Bleacher Report recently talked to a woman who was the assistant manager at the Burger King where Winston was allegedly stealing soda. She said that he reached behind the counter and took a cup, and when she told him that he couldn’t do that, he raised his voice at her.
“Do you know who I am?” she remembered him saying. “I’m a five-star recruit from Alabama. You want my autograph?”
Her recollection was collaborated by a co-worker also interviewed by Bleacher Report.
Do you know who I am?
What kind of person says something like that?
Then, there is the 911 call to Florida State’s police department by a friend of the alleged victim in the sexual assault case.
Friend: She says that she’s hurt. She got hit.
Police: She got hit? Does she know what she got hit with?
Friend: No, she says she kept, like blacking out. Like she only remembers pieces. She keeps trying to tell me the story, but it’s very in pieces.
Police: OK, do you know where she was hit at?
Friend: She says she thinks she was hit in the back of the head, and then she ended up in somebody’s room.
Those feel-good vibes about Winston evaporate in the shadow of these off-field incidents.
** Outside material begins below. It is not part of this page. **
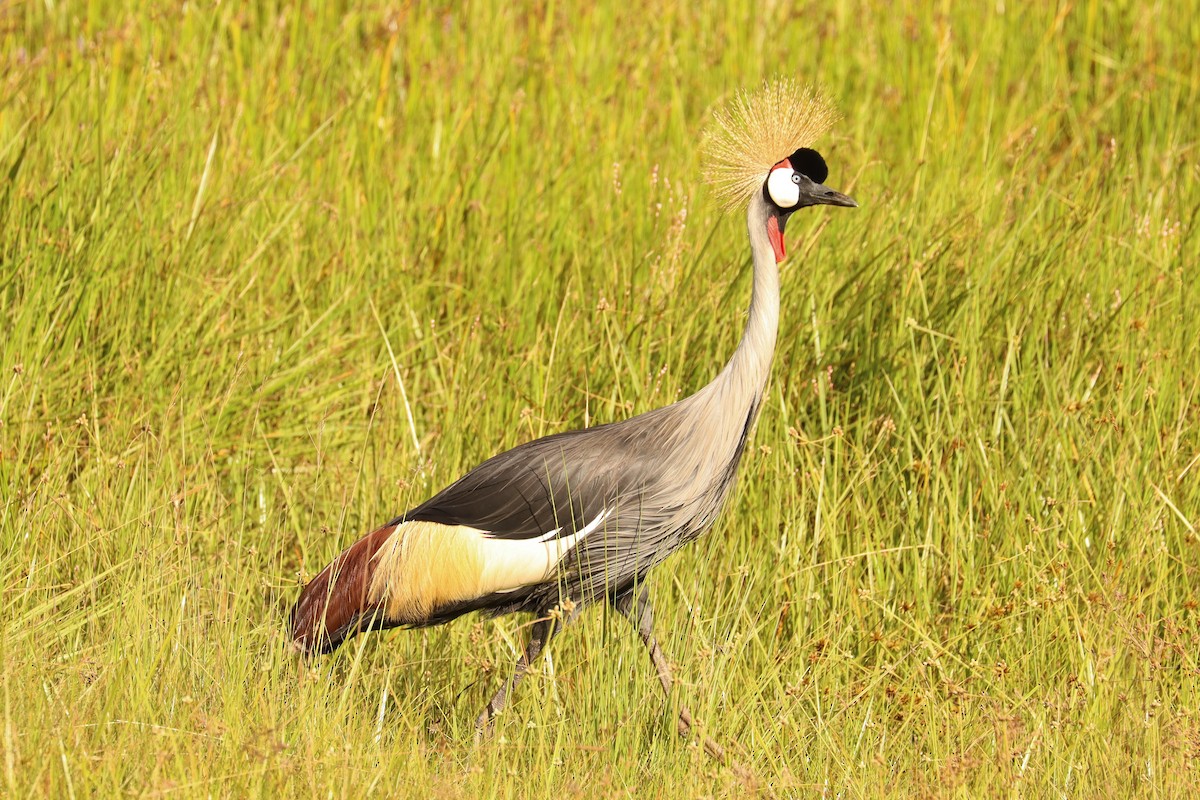 Gray Crowned-Crane - ML504837041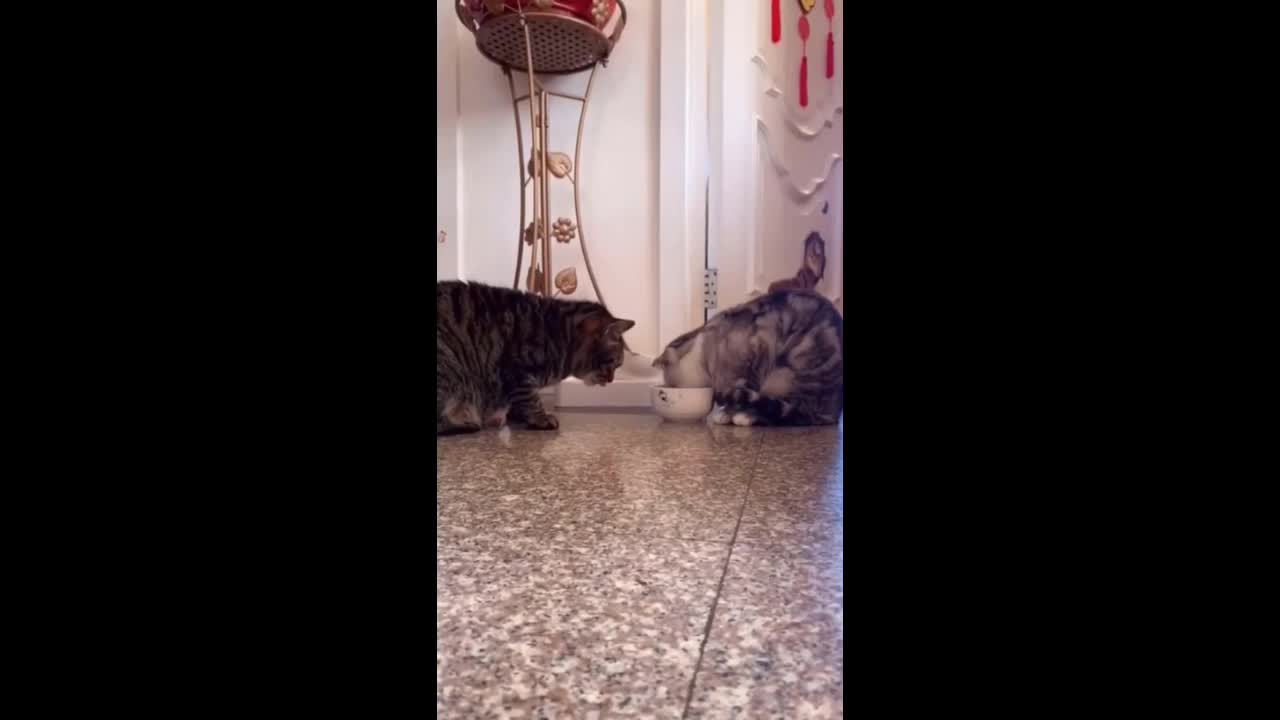 Cat and love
It feels like that good guy superhero is masking a dark side. It feels like he’s two different characters.
Who is he really?
We don’t know. We may never know.
At least with a guy like Johnny Manziel, we had a pretty good idea what he was about. He’d party. He’d live large. He’d flash the show-me-the-money sign. He was that guy on or off the field.
But Jameis Winston isn’t nearly so easily figured out. Pristine on the field. Blemished off of it.